We have begun migration of most wikis to our new host, Amazon Web Services. All but the top 100 wikis are in read-only mode until the migration is complete. Estimated completion: TBD -- Update: Fri 10/20 11pm UTC - We have encountered some unexpected issues. Our staff is working around the clock to complete this process as quickly as possible. Thank you for your patience.
Mists of Pandaria Bestiary
This article is a copy of "Mists of Pandaria Bestiary", an official article by Blizzard Entertainment. It presented creatures implemented in the third expansion, World of Warcraft: Mists of Pandaria and succeeded the World of Warcraft Bestiary, the Burning Crusade Bestiary and the The Wrath of the Lich King Bestiary. The original article, formerly located at http://us.battle.net/wow/en/game/mists-of-pandaria/feature/bestiary [archived copy], did not survive the overhaul of the World of Warcraft Official Website.

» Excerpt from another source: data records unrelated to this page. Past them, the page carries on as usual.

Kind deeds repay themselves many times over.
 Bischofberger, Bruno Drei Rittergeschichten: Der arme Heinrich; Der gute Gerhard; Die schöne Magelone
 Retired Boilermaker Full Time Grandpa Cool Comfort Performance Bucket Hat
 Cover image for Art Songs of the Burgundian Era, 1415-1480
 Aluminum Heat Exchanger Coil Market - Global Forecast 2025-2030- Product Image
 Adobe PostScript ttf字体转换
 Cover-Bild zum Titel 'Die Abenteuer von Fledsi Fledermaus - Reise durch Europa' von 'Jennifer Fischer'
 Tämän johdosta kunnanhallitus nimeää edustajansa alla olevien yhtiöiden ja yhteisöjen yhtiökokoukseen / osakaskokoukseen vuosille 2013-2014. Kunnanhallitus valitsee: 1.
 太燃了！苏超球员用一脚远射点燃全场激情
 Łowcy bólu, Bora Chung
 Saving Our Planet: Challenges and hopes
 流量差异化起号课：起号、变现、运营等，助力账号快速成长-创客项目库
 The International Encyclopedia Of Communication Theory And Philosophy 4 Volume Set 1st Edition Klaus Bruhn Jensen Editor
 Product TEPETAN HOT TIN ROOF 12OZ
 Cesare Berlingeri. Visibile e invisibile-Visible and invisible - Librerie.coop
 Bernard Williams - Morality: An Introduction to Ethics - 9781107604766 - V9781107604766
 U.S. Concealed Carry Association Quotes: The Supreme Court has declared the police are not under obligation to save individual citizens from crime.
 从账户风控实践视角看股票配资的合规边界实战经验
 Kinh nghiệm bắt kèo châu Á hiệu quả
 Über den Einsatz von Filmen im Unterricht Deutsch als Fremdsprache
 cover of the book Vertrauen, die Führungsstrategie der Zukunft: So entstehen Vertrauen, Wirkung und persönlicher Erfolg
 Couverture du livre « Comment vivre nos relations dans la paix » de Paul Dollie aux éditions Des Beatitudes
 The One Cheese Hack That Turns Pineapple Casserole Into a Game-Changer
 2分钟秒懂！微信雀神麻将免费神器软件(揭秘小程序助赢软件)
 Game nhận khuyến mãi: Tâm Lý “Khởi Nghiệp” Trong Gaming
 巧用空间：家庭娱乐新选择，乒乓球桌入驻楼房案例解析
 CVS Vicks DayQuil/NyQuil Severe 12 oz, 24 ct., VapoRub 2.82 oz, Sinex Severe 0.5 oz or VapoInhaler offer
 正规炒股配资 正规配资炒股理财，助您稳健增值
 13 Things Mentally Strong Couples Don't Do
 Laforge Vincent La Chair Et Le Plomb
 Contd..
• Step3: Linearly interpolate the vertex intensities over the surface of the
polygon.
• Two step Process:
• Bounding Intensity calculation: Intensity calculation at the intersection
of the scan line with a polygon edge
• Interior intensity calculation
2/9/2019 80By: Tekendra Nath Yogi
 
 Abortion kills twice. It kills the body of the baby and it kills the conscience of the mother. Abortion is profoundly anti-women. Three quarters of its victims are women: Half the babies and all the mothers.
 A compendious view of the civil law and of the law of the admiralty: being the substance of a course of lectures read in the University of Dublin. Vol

|Do NOT add, remove nor edit information in this article / section!|
- 1 Virmen, Scavengers and annoyances
- 2 Jinyu, Caretakers of Pandaria’s waters
- 3 Sprites, Pranksters and embodiments of nature
- 4 Mogu, Overlords of old Pandaria
- 5 Hozen, Furious hunter-gatherers
- 6 Mantid, Insectoid reavers from beyond the wall
- 7 Saurok, Reptilian humanoids uplifted by dark magic
- 8 Yaungol, Tribal warriors in search of a new home
- 9 Grummle, Humble wanderers of the mountains
- 10 Sha, Fiends of the heart and soul
Virmen, Scavengers and annoyances
The Virmen are an annoyance with the potential to become a serious problem. Rabbit-like pests with powerful hind legs that send them bounding across terrain, Virmen typically live and scavenge out of sight in caves and burrows. But when the civilized races of Pandaria draw near their warrens, the Virmen are a famine on legs.
Virmen are inveterate lurkers, awaiting the opportunity to grab carrion, garbage, or actual food whenever they can. They’ll steal and eat nearly anything, then scurry away, leaving behind overturned tables and ransacked trash piles. The menace of the Virmen is only slightly increased by their propensity to wield stolen daggers (or, failing that, sharpened pieces of bamboo) in both hands. Though most Virmen avoid direct conflict, they are not unwilling to attack others in pursuit of the sustenance that drives their every waking moment.
Jinyu, Caretakers of Pandaria’s waters
Pandaria is surrounded by and shot through with clear blue waters, and it is in these bodies of water that the amphibious Jinyu flourish. In a sense, the Jinyu maintain and cultivate natural water sources, even creating smaller streams with elemental magic. But the Jinyu also exercise a dominion over Pandaria’s rivers and lakes that can bring them into conflict with other races. They regularly stop up rivers to create their homes and breeding pools, and the multifaceted dwellings they create aren’t simple mud lodges – they are towns and camps that can extend beneath the water.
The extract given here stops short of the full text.